** Record excerpts **

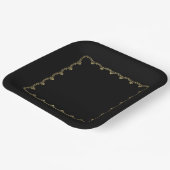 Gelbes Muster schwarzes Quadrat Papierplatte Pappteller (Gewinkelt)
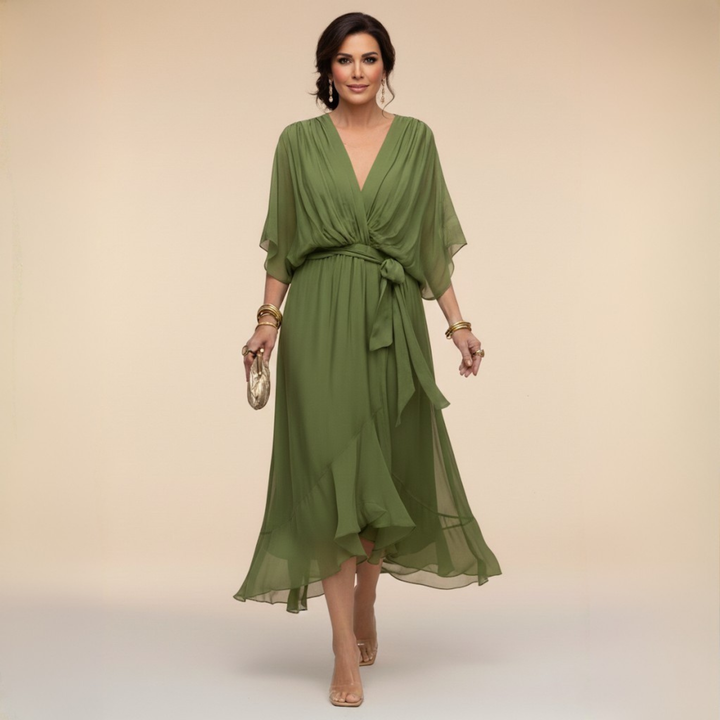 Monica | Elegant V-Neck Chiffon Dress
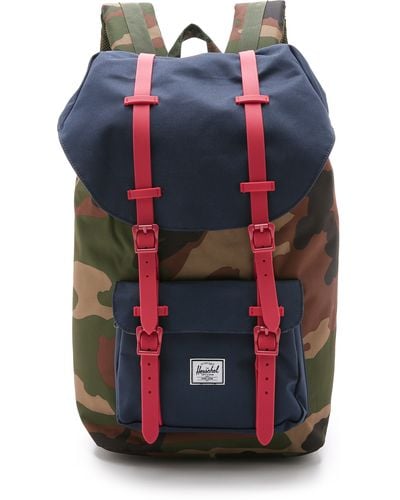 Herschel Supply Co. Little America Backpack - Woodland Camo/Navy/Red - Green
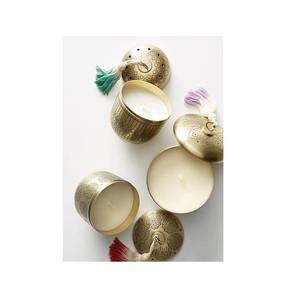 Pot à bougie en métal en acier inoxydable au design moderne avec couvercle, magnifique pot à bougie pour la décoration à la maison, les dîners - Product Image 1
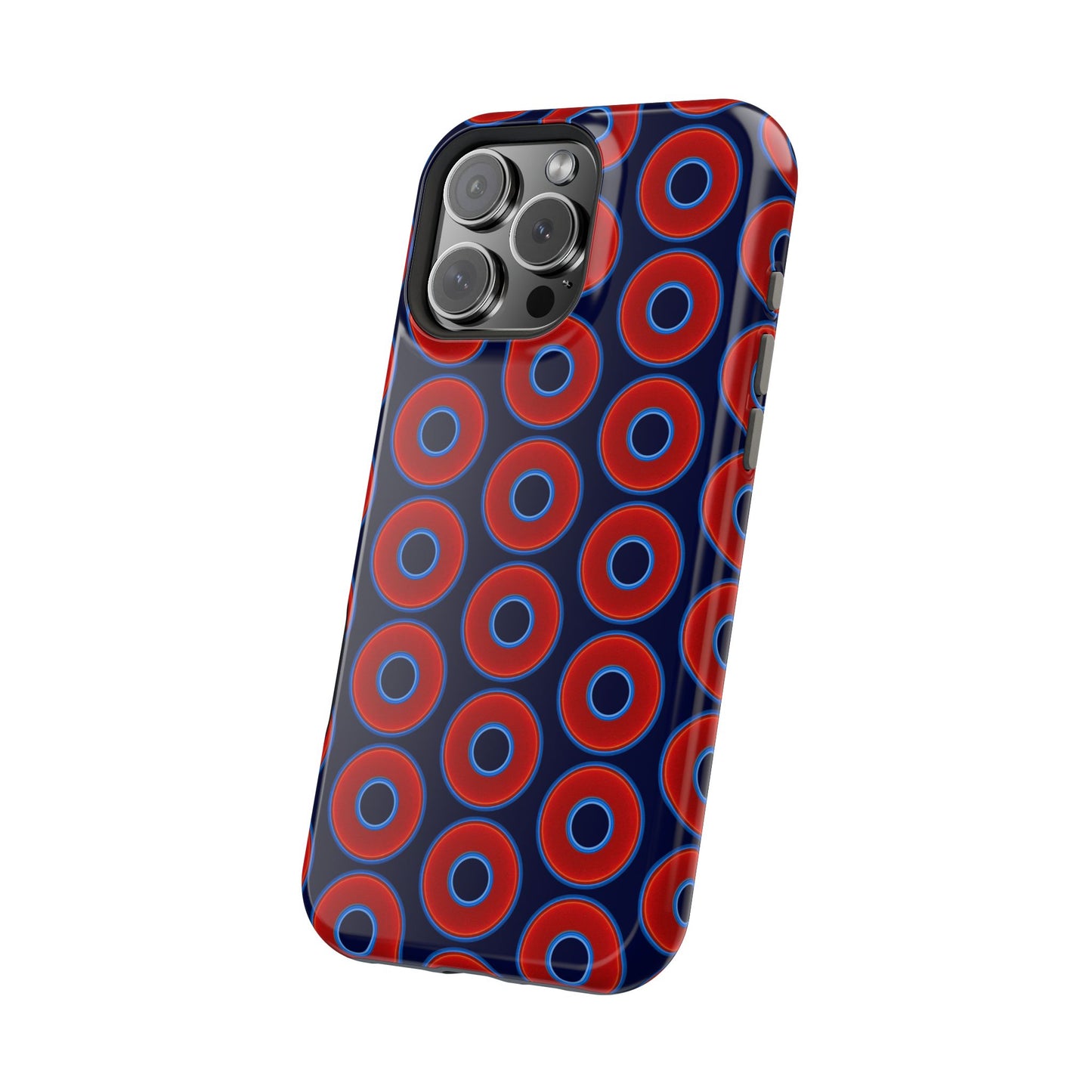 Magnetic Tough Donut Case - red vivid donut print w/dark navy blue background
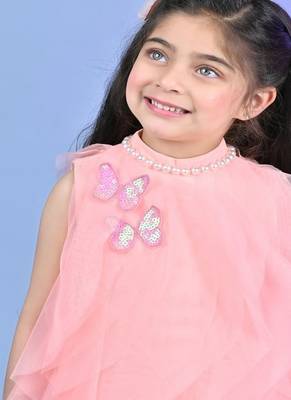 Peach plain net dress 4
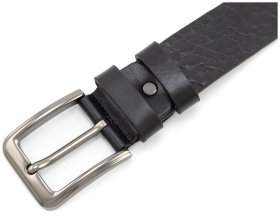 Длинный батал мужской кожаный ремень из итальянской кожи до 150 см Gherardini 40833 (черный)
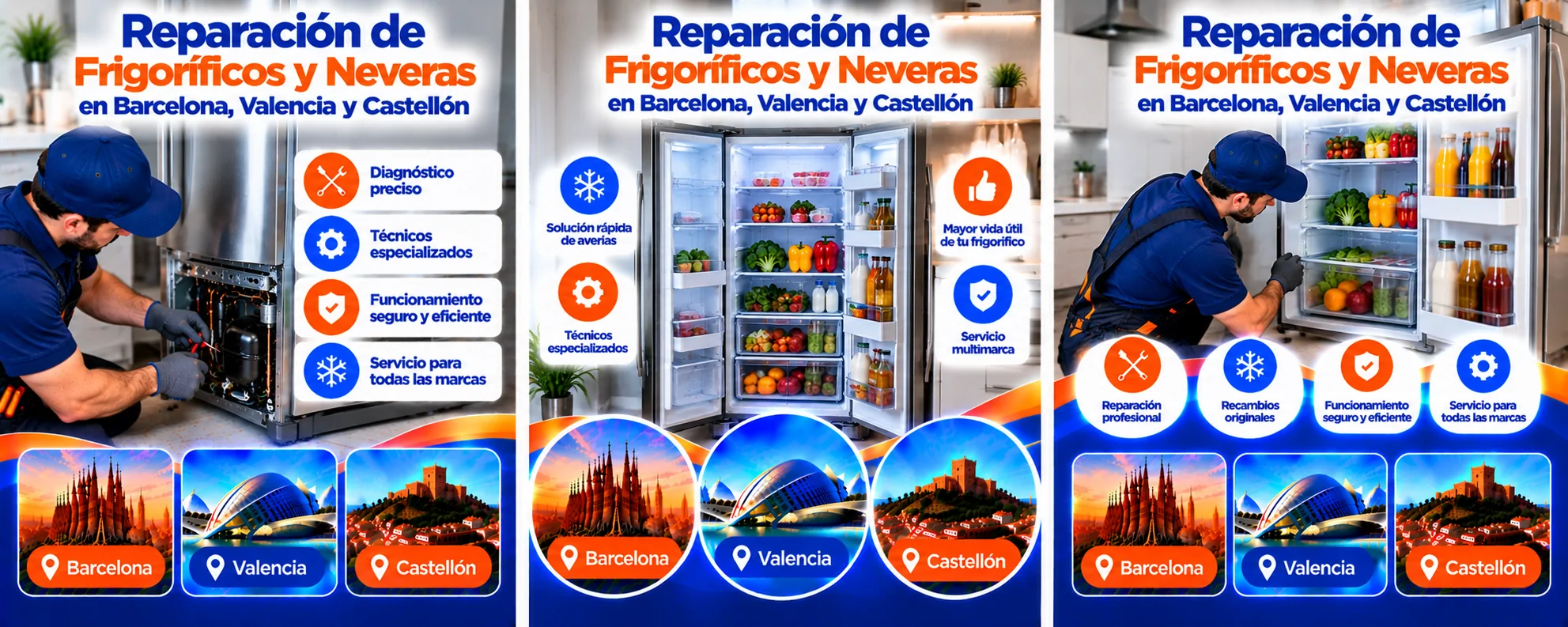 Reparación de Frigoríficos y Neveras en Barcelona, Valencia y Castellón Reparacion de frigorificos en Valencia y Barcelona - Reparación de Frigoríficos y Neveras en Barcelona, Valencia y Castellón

** How to complete this task **
Restate exactly, and only, the lines from the one that holds "Pot à bougie en" down to the last line of the material above. Omit the pictures.

** Response below **
 Pot à bougie en métal en acier inoxydable au design moderne avec couvercle, magnifique pot à bougie pour la décoration à la maison, les dîners - Product Image 1
 Magnetic Tough Donut Case - red vivid donut print w/dark navy blue background
 Peach plain net dress 4
 Длинный батал мужской кожаный ремень из итальянской кожи до 150 см Gherardini 40833 (черный)
 Reparación de Frigoríficos y Neveras en Barcelona, Valencia y Castellón Reparacion de frigorificos en Valencia y Barcelona - Reparación de Frigoríficos y Neveras en Barcelona, Valencia y Castellón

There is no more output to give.